B.F. Goodrich came up with main landing gear tires that were compounded with aluminum powder to produce a silvery rubber that reflected heat from the airframe. And they were filled with nitrogen, not air, because oxygen would only incite combustion. The tires, which had a 22-ply rating, cost $2,300 apiece and were good for between 15 and 20 landings, depending on the pilot’s touch. The wheel wells into which they retracted were shielded and surrounded by tanks of fuel that performed double duty as a massive cooling system. The heat sink worked by routing the fuel to a pump that raised its pressure to 45 pounds per square inch and sent it to several valves and heat exchangers, where it cooled subsystems before being returned to the tanks to be consumed in the engines. The JP-7 circulated throughout the fuselage and wings the way blood does in animals.

A hydraulic system was invented to operate between -65 and 650 degrees Fahrenheit. After responding to an ad in a technical journal touting a fluid that would work in temperatures as high as 900 degrees, Johnson received a large canvas bag filled with white powder. He called the manufacturer and was told that it would turn to liquid when it got hot enough. The problem was solved by Penn State’s Petroleum Refining Laboratory, however, which came up with a super-refined petroleum-based oil that met the requirement.

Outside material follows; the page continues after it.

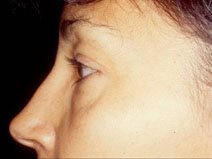 Blepharoplasty Before and After Photos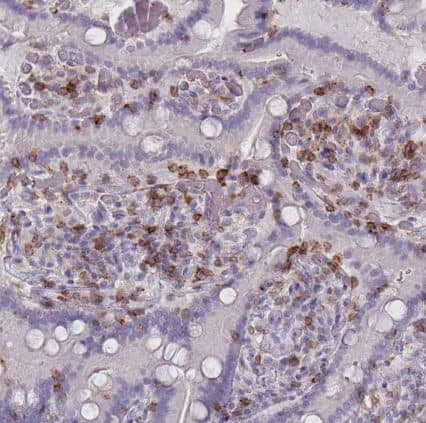 Immunohistochemistry-Paraffin: CD45 Antibody (CL0160) [NBP2-14783] -Staining of human duodenum shows moderate membranous positivity in lymphoid cells.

The glass through which the all-important cameras peered had to be free of optical distortion even though the inside temperature was 150 degrees and the outside 550 degrees. (Pilots have reported that the windshield of an SR-71 gets so hot at cruise that they can’t touch their gloved hand to it for more than a couple of seconds.) That one was solved by the Corning Glass Works and Perkin-Elmer, a lens manufacturer, in three years and at a cost of $2 million. They fused quartz glass windows to the metal frame using high-frequency sound waves, which had never been done before.